Mengutip jogjakota.go.id, tradisi Nyadran terdiri dari berbagai kegiatan, yakni
1. Melakukan besik, yaitu pembersihan makam leluhur dari kotoran dan rerumputan.
Dalam Kegiatan ini masyarakat dan antar keluarga saling bekerjasama gotong-royong untuk membersihkan makam leluhur.
2. Kirab, merupakan arak-arakan peserta Nyadran menuju ketempat upacara adat dilangsungkan.
3. Ujub, menyampaikan Ujub atau maksud dari serangkaian upacara adat Nyadran oleh Pemangku Adat.
4. Doa, Pemangku Adat memimpin kegiatan doa bersama yang ditujukan kepada roh leluhur yang sudah meninggal.
5. Kembul Bujono dan Tasyukuran, setelah dilakukan doa bersama kemudian dilanjutkan dengan makan bersama.
Masyarakat menggelar Kembul Bujono atau makan bersama dengan setiap keluarga yang mengikuti kenduri harus membawa makanan sendiri.
Makanan yang dibawa berupa makanan tradisional, seperti ayam ingkung, sambal goreng ati, urap sayur dengan lauk rempah, prekedel, tempe dan tahu bacem, dan lain sebagainya.

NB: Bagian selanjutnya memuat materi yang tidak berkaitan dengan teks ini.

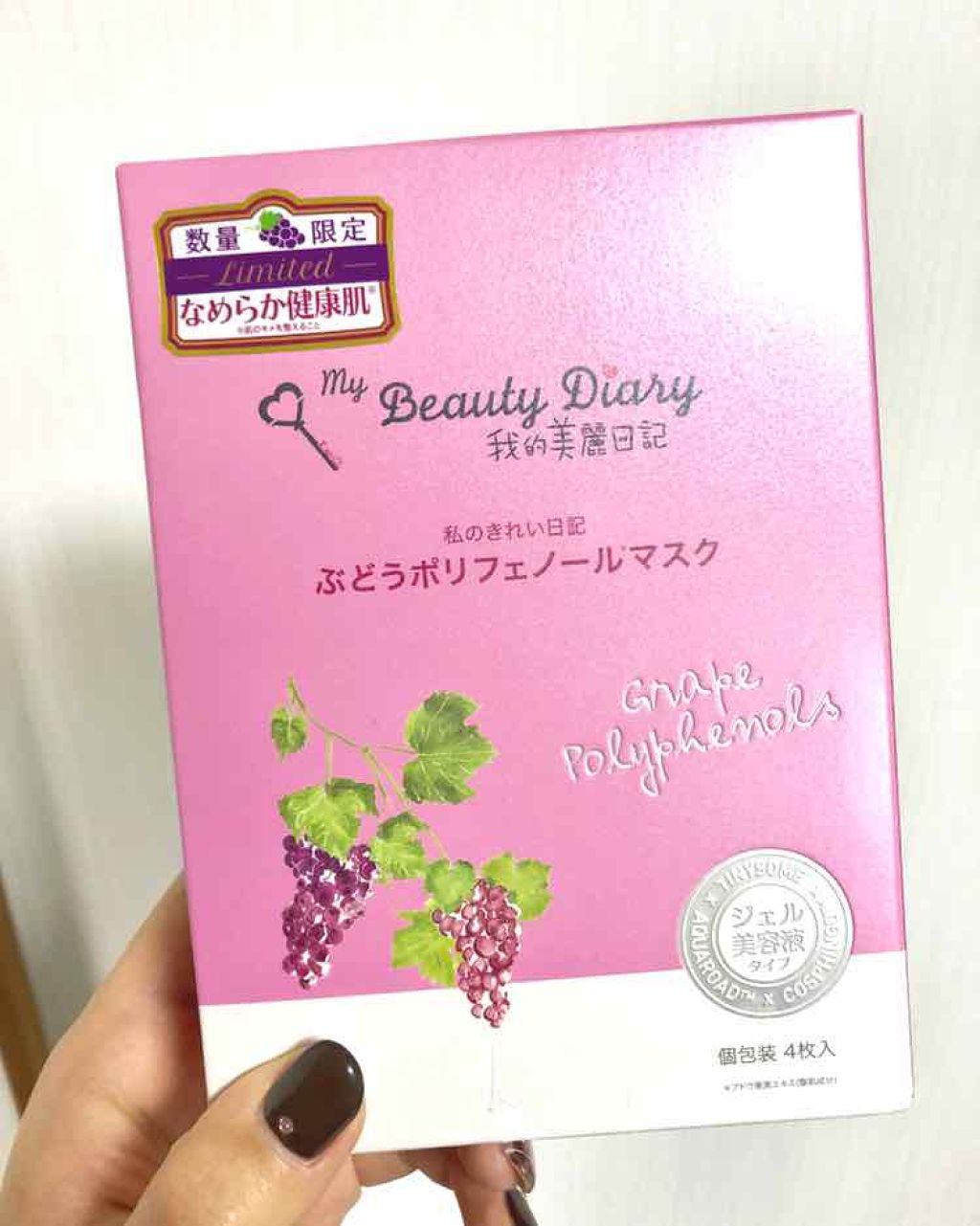 我的美麗日記(私のきれい日記) ぶどうポリフェノールマスク/我的美麗日記/シートマスク・パックを使ったクチコミ(1枚目)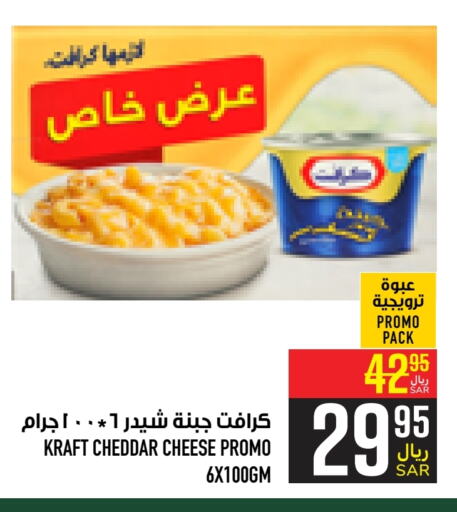 KRAFT Cheddar Cheese  in Abraj Hypermarket in KSA, Saudi Arabia, Saudi - Mecca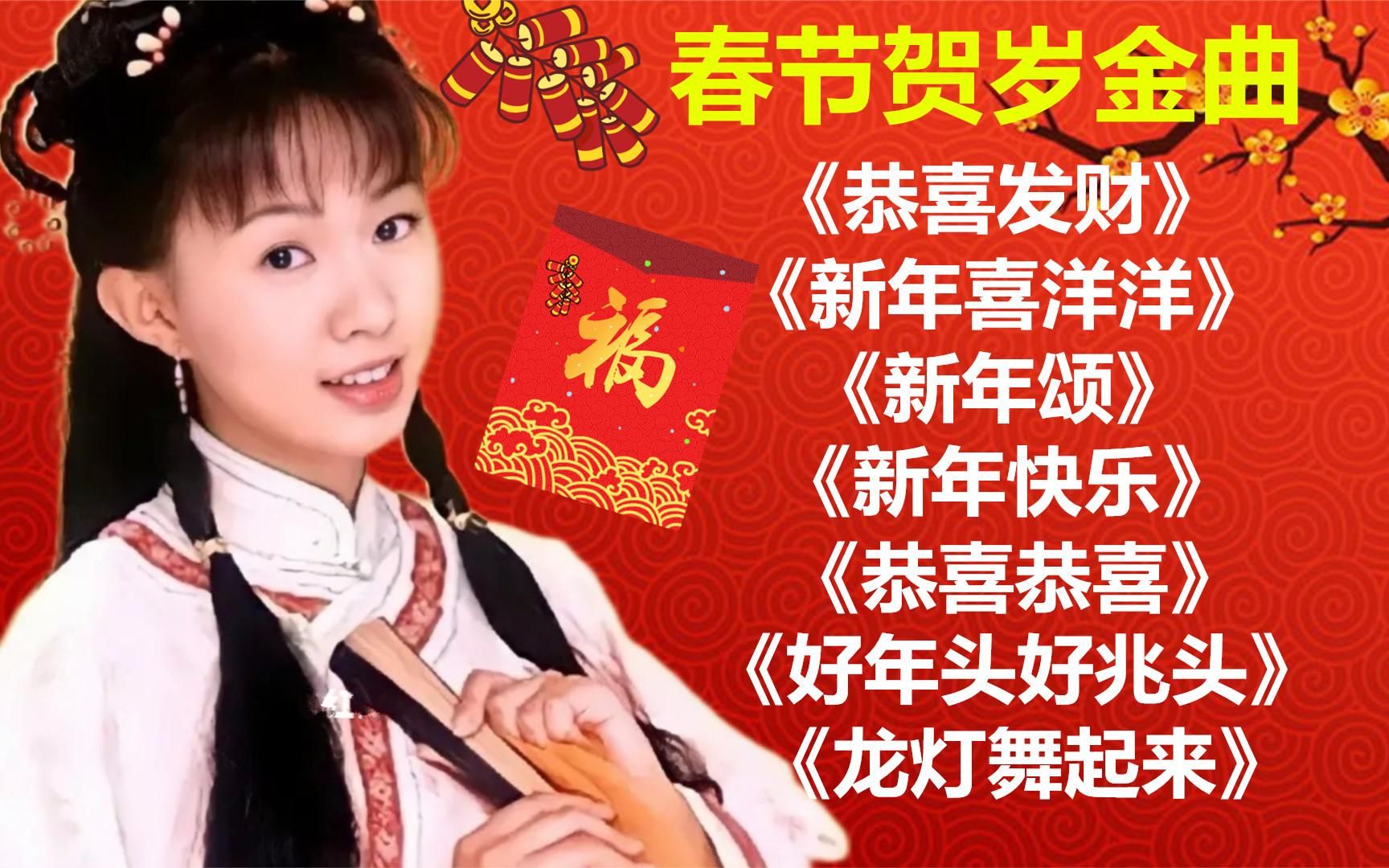 [图]新年贺岁金曲《恭喜发财》《新年喜洋洋》《新年颂》《新年快乐》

Setelah masyarakat telah berkumpul dan membawa kendurinya masing-masing, makanan yang dibawa diletakkan didepan untuk didoakan oleh pemuka agama setempat untuk mendapatkan berkah.
Kemudian dilakukan tukar-menukar makanan yang dibawa masyarakat.
Untuk mengakhiri acara kemudian masyarakat melakukan makan berasama dengan saling bersendau gurau untuk saling mengakrabkan diri.
Nyadran yang telah dijaga selama ratusan tahun, mengajarkan untuk mengenang dan mengenal para leluhur, silsilah keluarga, serta memetik ajaran baik dari para pendahulu.
Seperti pepatah Jawa kuno yang mengatakan "Mikul dhuwur mendem jero" yang kurang lebih memiliki makna “ajaran-ajaran yang baik kita junjung tinggi, yang dianggap kurang baik kita tanam-dalam".